My try_extend would then correspond to SinkExt::send and the commit method would correspond to SinkExt::close.

In my case, I need an explicit commit, and not one which automatically fires on drop. That is because if an error happens, I want the whole transaction to abort.

Yes, I wouldn't want/need the flushing part.

But isn't the "for each" approach not just switching the direction but also restricting control flow? The problem is that for_each won't return until all elements have been pushed. With the AntiIter trait in my OP, it's up to the caller to do things intermediately, e.g. pushing items to several AntiIters, or returning with an error. So I feel like using callbacks and providing an "anti iterator" isn't the same. But maybe I'm misunderstanding.
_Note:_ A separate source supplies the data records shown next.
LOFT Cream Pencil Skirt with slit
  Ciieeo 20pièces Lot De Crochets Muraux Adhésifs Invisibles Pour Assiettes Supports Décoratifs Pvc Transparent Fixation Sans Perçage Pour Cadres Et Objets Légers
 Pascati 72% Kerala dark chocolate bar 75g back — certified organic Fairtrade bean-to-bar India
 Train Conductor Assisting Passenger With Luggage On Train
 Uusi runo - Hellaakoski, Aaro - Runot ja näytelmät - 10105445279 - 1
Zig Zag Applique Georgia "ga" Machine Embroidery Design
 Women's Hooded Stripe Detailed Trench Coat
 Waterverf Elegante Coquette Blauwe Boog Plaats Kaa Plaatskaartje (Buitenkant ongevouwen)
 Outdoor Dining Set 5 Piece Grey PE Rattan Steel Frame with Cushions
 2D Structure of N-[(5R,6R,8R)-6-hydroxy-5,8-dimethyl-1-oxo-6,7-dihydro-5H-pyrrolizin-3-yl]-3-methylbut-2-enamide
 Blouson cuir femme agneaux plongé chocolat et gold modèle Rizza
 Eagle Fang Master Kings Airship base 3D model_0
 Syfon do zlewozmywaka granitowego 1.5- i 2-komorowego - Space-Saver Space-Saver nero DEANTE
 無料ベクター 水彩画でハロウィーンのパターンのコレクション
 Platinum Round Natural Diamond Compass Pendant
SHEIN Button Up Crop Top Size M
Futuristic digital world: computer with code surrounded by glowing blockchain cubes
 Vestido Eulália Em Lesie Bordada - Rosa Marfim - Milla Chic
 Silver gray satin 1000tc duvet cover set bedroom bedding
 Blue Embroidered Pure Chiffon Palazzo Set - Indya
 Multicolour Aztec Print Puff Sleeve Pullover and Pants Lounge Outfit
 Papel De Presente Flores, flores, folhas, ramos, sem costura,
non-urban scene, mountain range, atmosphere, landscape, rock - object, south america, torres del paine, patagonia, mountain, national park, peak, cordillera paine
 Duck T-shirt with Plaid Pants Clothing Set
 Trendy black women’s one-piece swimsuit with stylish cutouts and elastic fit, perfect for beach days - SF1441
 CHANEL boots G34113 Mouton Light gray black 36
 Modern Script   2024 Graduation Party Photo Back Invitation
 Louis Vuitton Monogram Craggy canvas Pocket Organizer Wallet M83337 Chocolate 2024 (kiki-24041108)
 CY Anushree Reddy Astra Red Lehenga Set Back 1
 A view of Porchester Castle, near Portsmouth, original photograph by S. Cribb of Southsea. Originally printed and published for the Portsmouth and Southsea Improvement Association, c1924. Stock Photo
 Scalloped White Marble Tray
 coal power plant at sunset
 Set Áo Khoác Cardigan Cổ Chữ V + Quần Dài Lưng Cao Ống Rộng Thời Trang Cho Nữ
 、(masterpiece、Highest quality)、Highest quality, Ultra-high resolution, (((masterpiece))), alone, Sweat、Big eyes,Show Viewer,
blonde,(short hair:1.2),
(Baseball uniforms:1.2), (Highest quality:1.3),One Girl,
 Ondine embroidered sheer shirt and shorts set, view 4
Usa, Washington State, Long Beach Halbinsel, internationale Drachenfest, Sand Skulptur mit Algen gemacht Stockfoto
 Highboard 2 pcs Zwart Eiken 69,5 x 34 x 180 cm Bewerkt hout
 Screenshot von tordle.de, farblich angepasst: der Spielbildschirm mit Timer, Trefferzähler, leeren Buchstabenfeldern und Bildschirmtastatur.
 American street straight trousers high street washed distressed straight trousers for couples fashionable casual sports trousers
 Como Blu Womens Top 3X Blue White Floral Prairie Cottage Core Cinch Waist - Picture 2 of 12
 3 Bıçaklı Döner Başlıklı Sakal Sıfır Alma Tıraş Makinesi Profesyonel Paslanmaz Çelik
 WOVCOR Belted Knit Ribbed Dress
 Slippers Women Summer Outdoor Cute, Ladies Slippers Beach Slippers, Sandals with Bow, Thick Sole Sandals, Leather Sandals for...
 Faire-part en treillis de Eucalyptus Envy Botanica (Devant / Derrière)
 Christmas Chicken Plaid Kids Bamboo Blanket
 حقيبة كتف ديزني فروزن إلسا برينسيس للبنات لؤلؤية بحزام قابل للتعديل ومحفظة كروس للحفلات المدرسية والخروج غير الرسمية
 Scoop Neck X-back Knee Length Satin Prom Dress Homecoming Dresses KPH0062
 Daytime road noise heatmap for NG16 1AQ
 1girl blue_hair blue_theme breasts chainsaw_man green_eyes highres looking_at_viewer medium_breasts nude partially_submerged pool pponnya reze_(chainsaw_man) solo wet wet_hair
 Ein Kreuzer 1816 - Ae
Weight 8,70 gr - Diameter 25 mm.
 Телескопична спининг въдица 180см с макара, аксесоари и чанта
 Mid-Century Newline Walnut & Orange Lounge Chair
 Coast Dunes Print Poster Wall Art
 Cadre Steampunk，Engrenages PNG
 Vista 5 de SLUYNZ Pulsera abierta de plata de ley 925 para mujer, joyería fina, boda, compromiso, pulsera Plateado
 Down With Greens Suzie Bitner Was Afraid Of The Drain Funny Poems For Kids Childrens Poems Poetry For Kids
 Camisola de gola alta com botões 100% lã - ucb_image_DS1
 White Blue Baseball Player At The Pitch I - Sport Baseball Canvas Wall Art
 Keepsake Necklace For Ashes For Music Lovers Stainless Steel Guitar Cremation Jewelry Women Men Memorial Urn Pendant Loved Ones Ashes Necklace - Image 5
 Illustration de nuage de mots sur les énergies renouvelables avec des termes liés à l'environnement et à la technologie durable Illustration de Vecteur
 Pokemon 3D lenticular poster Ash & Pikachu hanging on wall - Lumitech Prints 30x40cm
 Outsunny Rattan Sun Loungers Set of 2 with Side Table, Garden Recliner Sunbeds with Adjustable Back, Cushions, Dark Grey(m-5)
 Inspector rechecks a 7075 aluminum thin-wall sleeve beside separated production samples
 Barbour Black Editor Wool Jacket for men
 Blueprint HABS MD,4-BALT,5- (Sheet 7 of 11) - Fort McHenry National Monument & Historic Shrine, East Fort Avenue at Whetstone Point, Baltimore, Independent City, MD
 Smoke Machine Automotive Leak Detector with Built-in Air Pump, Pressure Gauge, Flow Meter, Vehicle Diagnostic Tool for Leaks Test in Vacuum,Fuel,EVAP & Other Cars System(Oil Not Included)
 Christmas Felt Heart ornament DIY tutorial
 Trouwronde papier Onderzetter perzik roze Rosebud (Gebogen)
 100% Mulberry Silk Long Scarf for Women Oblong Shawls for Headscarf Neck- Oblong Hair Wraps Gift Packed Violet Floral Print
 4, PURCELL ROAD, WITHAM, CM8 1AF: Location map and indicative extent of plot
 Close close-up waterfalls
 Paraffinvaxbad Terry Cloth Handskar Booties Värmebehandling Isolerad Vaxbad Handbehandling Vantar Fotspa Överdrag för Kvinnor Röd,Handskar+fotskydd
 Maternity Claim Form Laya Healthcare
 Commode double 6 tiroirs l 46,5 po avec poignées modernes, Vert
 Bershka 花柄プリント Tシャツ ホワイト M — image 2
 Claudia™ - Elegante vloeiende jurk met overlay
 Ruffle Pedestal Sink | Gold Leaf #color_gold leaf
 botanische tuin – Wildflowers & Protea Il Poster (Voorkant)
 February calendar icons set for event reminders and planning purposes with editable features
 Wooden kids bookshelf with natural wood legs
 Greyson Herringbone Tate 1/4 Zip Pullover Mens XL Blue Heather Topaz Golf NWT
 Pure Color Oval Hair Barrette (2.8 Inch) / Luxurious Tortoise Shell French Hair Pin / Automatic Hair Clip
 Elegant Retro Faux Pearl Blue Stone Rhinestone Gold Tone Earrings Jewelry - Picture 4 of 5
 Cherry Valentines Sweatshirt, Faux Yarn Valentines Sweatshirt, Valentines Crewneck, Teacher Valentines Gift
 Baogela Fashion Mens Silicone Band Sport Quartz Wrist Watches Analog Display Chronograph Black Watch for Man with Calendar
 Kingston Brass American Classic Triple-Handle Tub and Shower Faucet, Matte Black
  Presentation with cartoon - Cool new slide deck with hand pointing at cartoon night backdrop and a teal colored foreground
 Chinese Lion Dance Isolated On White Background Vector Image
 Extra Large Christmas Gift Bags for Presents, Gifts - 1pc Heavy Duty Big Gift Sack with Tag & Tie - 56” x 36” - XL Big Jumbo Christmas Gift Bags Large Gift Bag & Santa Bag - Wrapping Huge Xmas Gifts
I think there are two aspects of fallibility: the sender or the receiver could fail. In case of the normal Iterator, the receiver can fail and simply not invoke next anymore. In case of std::iter::Extend::extend_one (unstable yet, but you could call Extend::extend with a limited number of items), the sender can fail and simply not invoke the method anymore. In my use case, I wanted both the sender and the receiver being able to signal an error. Extend (as defined in std) cannot achieve this, because the receiver of the items cannot report an error other than panicking. (Though I guess it could refuse to retrieve further items from the iterator and report the error otherwise.)

Regarding std::iter::Iterator::try_for_each, it would support errors from either side (if the Item is a Result, but I still feel like control flow is restricted as I cannot, for example, zip two iterators, right?

The for_each argument is an "anti iterator," in that it takes the sequence of elements by calling it multiple times. I'm not saying that for_each is what you're looking for, but for_each is the shape which you are implementing. Your thing which wants to push items to the "anti iterators" is an internal iterator.